Boris Peškovič

Personal information
- Full name: Boris Peškovič
- Date of birth: 30 June 1976 (age 48)
- Place of birth: Topoľčany, Czechoslovakia
- Height: 1.88 m (6 ft 2 in)
- Position(s): Goalkeeper

Youth career
- OFK Nedanovce

Senior career*
- Years: Team / Apps / (Gls)
- 1999–2002: Slovan Bratislava / 14 / (0)
- 2002–2004: Świt NDM / 43 / (1)
- 2004: Widzew Łódź / 13 / (0)
- 2005–2006: Pogoń Szczecin / 33 / (0)
- 2007: Zagłębie Sosnowiec / 14 / (0)
- 2007–2008: Górnik Zabrze / 24 / (0)
- 2008–2009: Académica / 28 / (0)
- 2009–2010: CFR Cluj / 5 / (0)
- 2011: Tatran Prešov / 4 / (0)
- 2011–2012: Górnik Zabrze / 1 / (0)
- 2012: Wisła Płock / 6 / (0)
- Total:  / 190 / (1)

Managerial career
- 2013–2019: Pogoń Szczecin (goalkeeping coach)

= Boris Peškovič =

Slovak professional footballer

Boris Peškovič (born 30 June 1976) is a Slovak former professional footballer who played as a goalkeeper.

==Club career==
After starting out professionally with Slovan Bratislava, Peškovič went on to spend most of his career in Poland, representing several clubs.

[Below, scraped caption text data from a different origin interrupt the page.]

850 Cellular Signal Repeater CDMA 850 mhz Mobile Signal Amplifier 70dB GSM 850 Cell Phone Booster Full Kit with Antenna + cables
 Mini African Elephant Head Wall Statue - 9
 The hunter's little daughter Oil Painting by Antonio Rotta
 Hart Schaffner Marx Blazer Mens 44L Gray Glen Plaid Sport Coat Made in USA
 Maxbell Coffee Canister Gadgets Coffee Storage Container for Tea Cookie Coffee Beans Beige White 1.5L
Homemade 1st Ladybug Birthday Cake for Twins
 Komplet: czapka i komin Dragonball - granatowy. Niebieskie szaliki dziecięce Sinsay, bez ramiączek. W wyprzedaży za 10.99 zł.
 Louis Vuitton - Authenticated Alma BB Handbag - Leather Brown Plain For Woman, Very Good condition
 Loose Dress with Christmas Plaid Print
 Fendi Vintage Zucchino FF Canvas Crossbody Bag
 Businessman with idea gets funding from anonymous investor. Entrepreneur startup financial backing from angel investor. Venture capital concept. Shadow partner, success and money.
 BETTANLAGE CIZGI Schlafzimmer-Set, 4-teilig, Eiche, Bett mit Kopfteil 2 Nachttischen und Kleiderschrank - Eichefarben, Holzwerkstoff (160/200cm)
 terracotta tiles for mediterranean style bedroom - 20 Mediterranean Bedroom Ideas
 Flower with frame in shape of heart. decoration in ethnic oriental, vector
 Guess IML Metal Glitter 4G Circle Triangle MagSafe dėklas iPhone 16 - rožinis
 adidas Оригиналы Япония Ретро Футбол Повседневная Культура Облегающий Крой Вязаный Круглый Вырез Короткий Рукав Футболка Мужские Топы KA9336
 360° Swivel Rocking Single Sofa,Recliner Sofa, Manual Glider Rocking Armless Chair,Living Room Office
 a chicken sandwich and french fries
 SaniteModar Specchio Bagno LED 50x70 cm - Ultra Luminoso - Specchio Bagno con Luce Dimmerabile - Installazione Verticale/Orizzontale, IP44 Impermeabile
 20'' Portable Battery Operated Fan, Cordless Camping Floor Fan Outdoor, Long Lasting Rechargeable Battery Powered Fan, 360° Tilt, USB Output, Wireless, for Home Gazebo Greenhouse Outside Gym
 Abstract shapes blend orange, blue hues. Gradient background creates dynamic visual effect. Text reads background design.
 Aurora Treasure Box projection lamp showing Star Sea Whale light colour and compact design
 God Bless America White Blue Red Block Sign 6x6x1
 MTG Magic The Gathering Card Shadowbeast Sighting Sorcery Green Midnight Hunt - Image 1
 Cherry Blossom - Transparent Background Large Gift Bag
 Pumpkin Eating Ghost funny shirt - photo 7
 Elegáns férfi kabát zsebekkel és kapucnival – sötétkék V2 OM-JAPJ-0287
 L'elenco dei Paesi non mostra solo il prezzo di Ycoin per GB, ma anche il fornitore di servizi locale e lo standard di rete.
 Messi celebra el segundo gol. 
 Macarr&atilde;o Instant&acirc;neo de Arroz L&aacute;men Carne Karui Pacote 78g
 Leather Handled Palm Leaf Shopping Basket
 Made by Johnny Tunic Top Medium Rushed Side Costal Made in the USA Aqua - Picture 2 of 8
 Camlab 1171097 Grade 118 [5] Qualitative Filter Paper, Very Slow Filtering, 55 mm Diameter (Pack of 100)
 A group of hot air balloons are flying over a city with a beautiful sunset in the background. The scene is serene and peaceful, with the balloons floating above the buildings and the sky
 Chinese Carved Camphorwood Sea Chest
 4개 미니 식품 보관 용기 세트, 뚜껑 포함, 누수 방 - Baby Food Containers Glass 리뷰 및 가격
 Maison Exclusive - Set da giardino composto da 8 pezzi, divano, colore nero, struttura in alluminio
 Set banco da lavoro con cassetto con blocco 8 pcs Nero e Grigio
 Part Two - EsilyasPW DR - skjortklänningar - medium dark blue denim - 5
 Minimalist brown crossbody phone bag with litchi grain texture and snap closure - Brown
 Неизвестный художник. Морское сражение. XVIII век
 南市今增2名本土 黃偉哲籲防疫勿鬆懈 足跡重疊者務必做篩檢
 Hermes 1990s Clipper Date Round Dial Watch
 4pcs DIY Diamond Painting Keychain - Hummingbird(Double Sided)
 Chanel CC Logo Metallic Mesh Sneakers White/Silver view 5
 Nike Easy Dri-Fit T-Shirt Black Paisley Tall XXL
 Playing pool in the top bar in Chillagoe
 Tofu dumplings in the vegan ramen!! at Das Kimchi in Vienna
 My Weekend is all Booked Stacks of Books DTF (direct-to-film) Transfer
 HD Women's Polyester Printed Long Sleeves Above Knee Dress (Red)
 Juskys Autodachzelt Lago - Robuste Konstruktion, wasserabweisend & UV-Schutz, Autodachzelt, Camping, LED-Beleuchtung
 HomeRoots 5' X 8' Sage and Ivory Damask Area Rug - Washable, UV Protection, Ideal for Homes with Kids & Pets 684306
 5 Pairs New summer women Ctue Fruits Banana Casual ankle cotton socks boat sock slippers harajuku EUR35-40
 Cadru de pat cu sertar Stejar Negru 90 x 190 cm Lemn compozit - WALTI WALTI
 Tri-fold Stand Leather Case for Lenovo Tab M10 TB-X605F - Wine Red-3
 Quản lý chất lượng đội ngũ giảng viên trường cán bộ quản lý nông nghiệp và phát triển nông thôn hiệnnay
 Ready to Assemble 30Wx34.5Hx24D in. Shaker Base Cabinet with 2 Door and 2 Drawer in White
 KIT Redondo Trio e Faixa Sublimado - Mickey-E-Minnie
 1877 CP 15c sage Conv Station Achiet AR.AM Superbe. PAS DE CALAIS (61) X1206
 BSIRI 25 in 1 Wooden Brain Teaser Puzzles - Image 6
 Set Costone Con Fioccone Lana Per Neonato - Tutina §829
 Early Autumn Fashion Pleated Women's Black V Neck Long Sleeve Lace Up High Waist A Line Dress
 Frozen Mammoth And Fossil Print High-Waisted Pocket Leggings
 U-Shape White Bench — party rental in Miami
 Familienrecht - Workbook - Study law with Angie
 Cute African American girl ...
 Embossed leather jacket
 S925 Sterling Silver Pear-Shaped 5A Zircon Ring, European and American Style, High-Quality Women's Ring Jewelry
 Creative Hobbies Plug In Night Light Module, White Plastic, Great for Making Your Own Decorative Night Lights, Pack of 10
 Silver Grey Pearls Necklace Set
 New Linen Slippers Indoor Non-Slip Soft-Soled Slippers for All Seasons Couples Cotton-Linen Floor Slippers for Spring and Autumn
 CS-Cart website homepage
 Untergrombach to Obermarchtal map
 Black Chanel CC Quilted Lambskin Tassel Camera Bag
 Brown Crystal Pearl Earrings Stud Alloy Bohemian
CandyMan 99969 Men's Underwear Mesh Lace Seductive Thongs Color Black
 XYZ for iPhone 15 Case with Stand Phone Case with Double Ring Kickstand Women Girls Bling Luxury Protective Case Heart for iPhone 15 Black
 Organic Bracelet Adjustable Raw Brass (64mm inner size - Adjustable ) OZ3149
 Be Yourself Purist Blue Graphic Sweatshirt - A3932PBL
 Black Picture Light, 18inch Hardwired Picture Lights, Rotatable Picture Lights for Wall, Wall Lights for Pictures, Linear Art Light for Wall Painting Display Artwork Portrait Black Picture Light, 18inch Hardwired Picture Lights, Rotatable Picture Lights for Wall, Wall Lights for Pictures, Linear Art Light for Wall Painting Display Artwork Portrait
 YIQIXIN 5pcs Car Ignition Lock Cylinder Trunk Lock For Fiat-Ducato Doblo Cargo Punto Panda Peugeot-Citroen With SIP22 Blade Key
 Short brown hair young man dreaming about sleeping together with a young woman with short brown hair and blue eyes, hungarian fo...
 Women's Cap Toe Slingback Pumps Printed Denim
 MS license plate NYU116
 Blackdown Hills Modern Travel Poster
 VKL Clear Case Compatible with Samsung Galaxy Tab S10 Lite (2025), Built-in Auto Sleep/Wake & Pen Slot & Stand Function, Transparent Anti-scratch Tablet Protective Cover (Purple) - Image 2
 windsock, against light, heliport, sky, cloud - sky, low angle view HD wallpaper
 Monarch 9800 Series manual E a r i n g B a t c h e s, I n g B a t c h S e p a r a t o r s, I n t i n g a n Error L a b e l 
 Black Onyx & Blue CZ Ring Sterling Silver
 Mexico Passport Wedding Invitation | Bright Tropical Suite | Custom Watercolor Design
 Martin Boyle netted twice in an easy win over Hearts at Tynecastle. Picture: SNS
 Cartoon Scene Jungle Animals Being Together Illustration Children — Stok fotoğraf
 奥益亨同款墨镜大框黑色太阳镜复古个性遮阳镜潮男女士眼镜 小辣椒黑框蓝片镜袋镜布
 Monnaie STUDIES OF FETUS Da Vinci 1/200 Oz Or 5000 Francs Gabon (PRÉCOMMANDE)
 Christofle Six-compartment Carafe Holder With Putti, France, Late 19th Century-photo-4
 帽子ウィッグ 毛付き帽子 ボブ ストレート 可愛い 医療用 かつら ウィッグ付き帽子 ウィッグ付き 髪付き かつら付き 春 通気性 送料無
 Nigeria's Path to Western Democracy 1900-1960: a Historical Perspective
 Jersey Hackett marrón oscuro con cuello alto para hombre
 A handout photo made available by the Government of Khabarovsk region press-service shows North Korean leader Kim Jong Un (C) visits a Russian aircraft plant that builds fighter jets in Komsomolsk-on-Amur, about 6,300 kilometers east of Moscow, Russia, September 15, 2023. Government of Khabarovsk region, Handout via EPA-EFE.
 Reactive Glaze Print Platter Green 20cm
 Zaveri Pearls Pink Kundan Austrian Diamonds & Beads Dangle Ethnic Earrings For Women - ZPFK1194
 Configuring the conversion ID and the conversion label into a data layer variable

He also played one season in Portugal with Académica de Coimbra and spent one-and-a-half-year in Romania with CFR Cluj.

In the Ekstraklasa, Peškovič appeared for Świt Nowy Dwór Mazowiecki, Pogoń Szczecin and Górnik Zabrze (two spells with the latter). In January 2012, he left Górnik and moved to the second division club Wisła Płock.